Exercise :: From the entries below, retype only the lines from the one with "Christian Dior Chain" through the one with "Silhouetted coconut palm", exactly as written.

Input for this task ::
+-------+

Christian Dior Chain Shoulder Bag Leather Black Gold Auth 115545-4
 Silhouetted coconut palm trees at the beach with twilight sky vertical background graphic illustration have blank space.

+-------+

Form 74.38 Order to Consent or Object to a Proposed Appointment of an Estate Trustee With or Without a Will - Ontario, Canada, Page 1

+-------+

Solution ::
Christian Dior Chain Shoulder Bag Leather Black Gold Auth 115545-4
 Silhouetted coconut palm trees at the beach with twilight sky vertical background graphic illustration have blank space.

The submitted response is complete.